La actual administración revisa contratos, exige mayor transparencia y busca diversificar socios, restableciendo vínculos con Estados Unidos y Europa. La intención declarada es promover industrialización y transferencia tecnológica real, no repetir el patrón de exportar materia prima sin valor agregado. El desafío es enorme: convertir un recurso potencial en una cadena productiva competitiva.
Mientras tanto, las exportaciones bolivianas cayeron de aproximadamente 13.650 millones de dólares en 2022 a poco más de 9.000 millones en 2024, con estabilización proyectada para 2025 y 2026. Aunque gas, zinc y oro continúan dominando la estructura exportadora, emergen mercados no tradicionales en Asia y Medio Oriente. La adhesión plena al Mercosur y la eliminación de restricciones buscan diversificar destinos. Sin embargo, la dependencia de commodities primarios persiste como límite estructural.
La ubicación boliviana es una ventaja potencial: conexión natural entre Atlántico y Pacífico, diversidad climática y abundancia de recursos. Pero esa centralidad convive con obstáculos logísticos evidentes. La Cordillera de los Andes eleva costos, la mediterraneidad genera sobrecostos comerciales y la infraestructura de transporte sigue rezagada. La geografía impone restricciones, pero no determina el destino. Países con desventajas similares compensaron con integración comercial agresiva y modernización logística.
El verdadero problema boliviano no es China ni Estados Unidos.
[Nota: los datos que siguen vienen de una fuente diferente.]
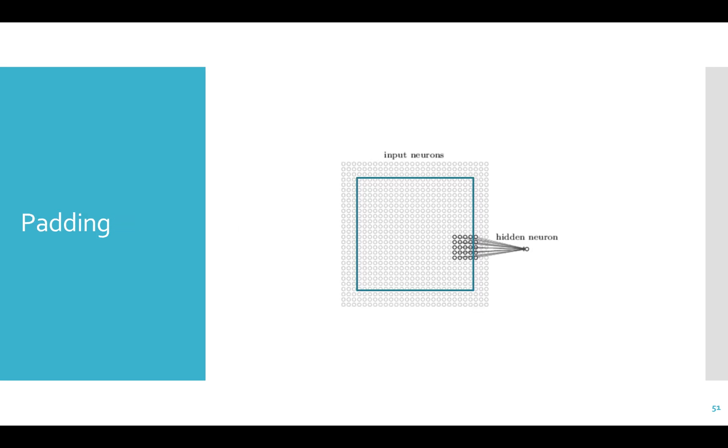Padding. If you don't want the size of the feature maps to reduce, you can pad the edges of the input. You can either pad with zeros, called zero padding, or you can pad with the values on the edge of the input. Many times, the edges of the input do not matter, so it doesn't necessarily add much.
Es la ausencia de una política económica internacional coherente. Durante décadas el país osciló entre modelos importados sin consolidar una visión propia de inserción productiva. Se privilegió la redistribución antes que la diversificación, el gasto antes que la competitividad.
Hoy el riesgo es quedar atrapado en una nueva dependencia: exportar litio sin industrializarlo, recibir financiamiento sin transferencia tecnológica efectiva o alinearse geopolíticamente sin maximizar beneficios económicos. En un mundo de bloques en formación, la neutralidad pasiva equivale a irrelevancia estratégica.
Bolivia puede optar por una estrategia distinta. Diversificar socios sin alineamientos automáticos, fortalecer regulación en sectores estratégicos, desarrollar capacidades locales de refinación e industrialización, negociar colectivamente en esquemas regionales y convertir su ubicación en eje logístico continental. Integrarse no es solo vender recursos, es participar en su transformación.
El país está en el centro de Sudamérica, pero sigue en la periferia de las cadenas de valor. Si no redefine su estrategia, continuará siendo proveedor de materias primas en un tablero donde otros fijan las reglas. La competencia entre China y Estados Unidos no es una amenaza inevitable, puede ser una oportunidad histórica. Pero solo para quienes tienen claridad estratégica. Sin visión de largo plazo, Bolivia no jugará la partida: será simplemente una pieza más en el tablero global.